Positive PEOPLE in Pinecrest- Kelly Malloy

Positive PEOPLE in Pinecrest- Kelly Malloy
Positive PEOPLE in Pinecrest- Kelly Malloy
Kelly Malloy

Palmer Trinity senior Kelly Malloy started a school club to help Miami Children’s Hospital. The club has a variety of fundraisers for the hospital, including Shed Your Threads days. On those days, students pay a fee that allows them to wear clothes that day other than their school uniforms.

“The money goes for medical supplies or anything the hospital sees fit,”Malloy says.

She has organized bake sales and sold glow-in-the-dark bracelets to raise money. The club also conducts collection drives for the holidays – toy drives and gift-wrap drives.

“Around Thanksgiving, we have turkey hand drives,” she says. “We’ll have our cub members trace their hands and decorate them with glitter. We donate them and they put them up in the rooms. They put them on the walls.”

For Christmas they have a toy drive and usually collect about 100 toys.

“Some kids will bring more than one,” she says.

Malloy says kids from around the world get treatment at Miami Children’s.
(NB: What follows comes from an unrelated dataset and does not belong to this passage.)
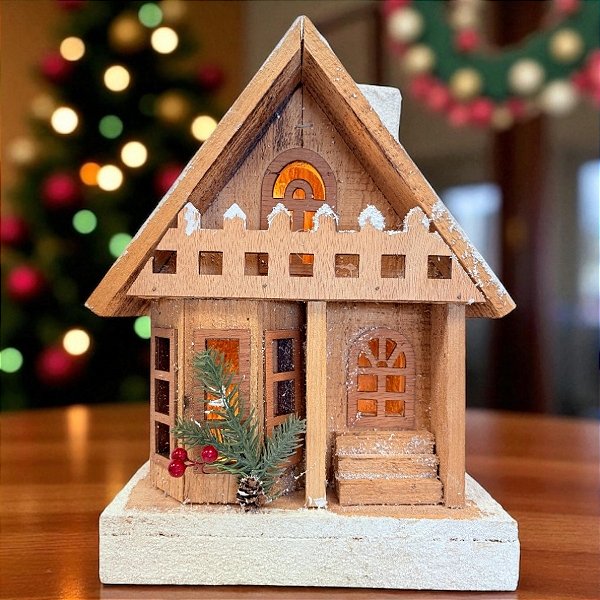 Casinha Nevada de Natal - 30cm - 1 unidade - Rizzo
The toys mostly go to children in the residential program whose families are financially strapped. Aside from the holiday gifts, students also donate toys, bubble and Crayola markers and supplies that are given to cancer patients after their first round of chemotherapy.
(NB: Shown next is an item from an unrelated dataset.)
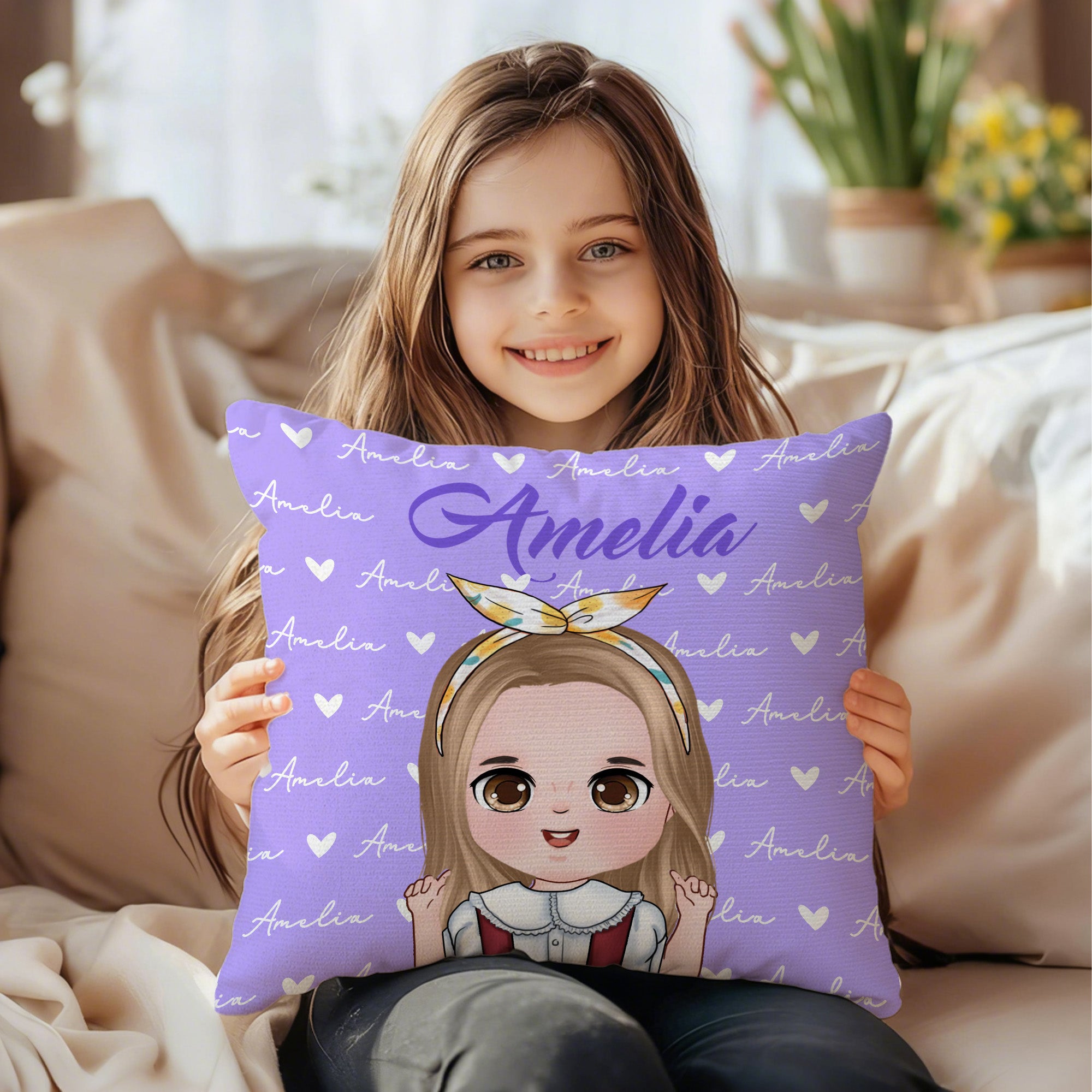 Funda de almohada personalizada con el nombre del personaje de dibujos animados de un niño Decoración del hogar Regalo de cumpleaños de Navidad para niños Niñas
“We go down a few times a year for art therapy and donate those,” Malloy says.

Malloy came up with the idea for the club in ninth grade, but it officially started when she was in 10th grade.

“During ninth grade I had been a patient in Miami Children’s,” she says. “I had to undergo a couple of operations.”
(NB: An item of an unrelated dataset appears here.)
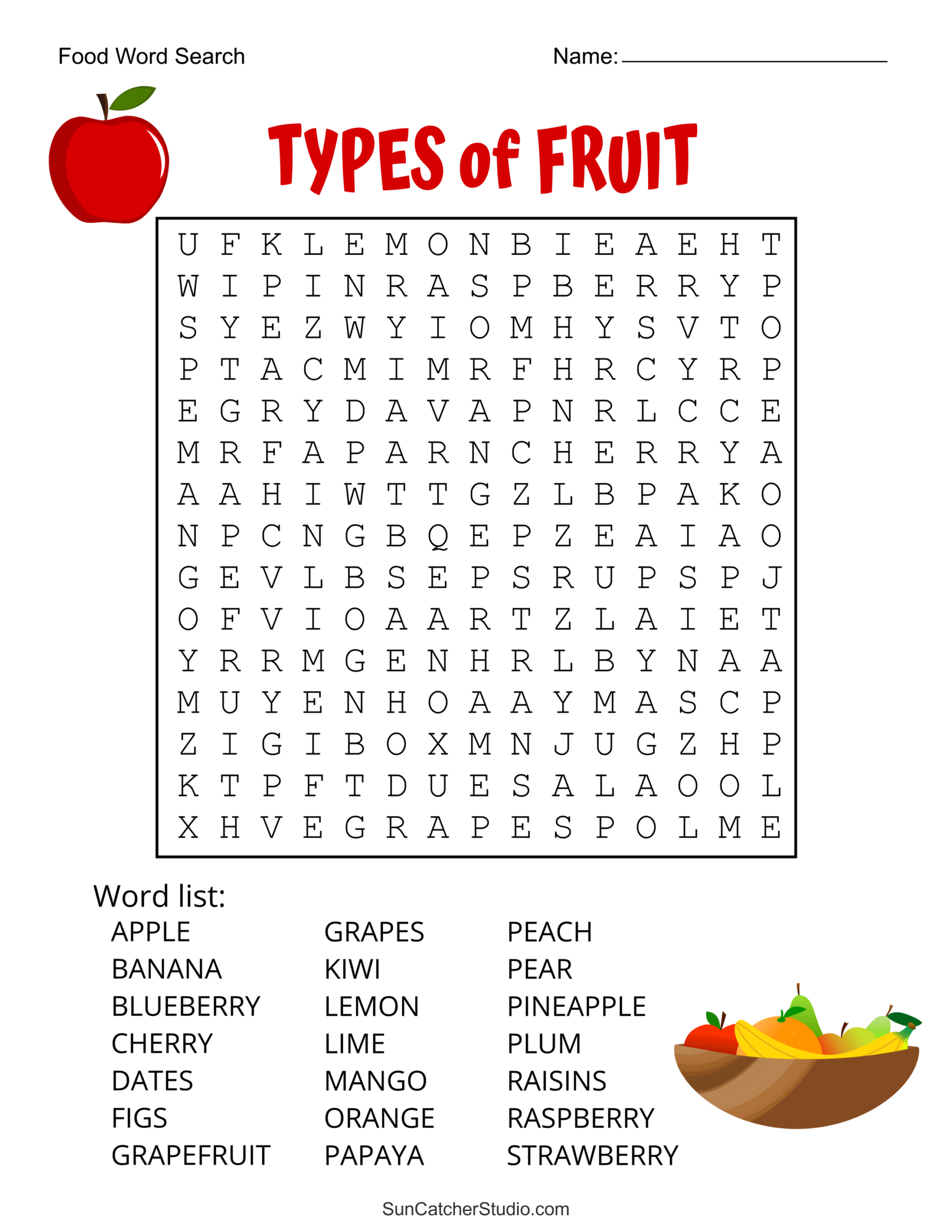 Food Word Search Puzzles Printable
Her sister also spent time at the hospital in the cardiology unit. When Malloy goes to college, her sister will take over the club, which has about 60 members.

Malloy is also president of Palmer’s Center for Writing. The students who staff the center help fellow students with writing projects.

“They can bring a paper to us and we will help them zero in on what they need to focus on,” she says.

Students involved in the center go to classrooms to talk about the benefits of using the center. Malloy likes to write essays, poems, short stories.

“I like to journal,” she says. “I think it’s an outlet for anger, sorrow or frustration. It’s my way of organizing how I feel.”

Malloy is captain of the varsity softball team. She’s been on the team since she was in the seventh grade. She plays shortstop and she’s a power hitter.

She is a member of the Spanish Honor Society, the National Honor Society and secretary of the Model UN team.

“Last year we went to FIU; it was like an actual model UN session,” she says. “It was cool to be a part of that.”

Outside of school, Malloy takes piano and singing lessons at the School of Rock.

“It’s a hobby, I play a bunch of instruments,” she says. “Ukulele, guitar, harmonica and piano. I write my own songs and I write music.”

Malloy applied to Vanderbilt and has already been accepted to Tulane. She is considering both English and Engineering as her major.

“If I have an engineering and English background, there is nothing I wouldn’t be able to do,” she says.

Eventually she would like to become a patent attorney and practice law with her father.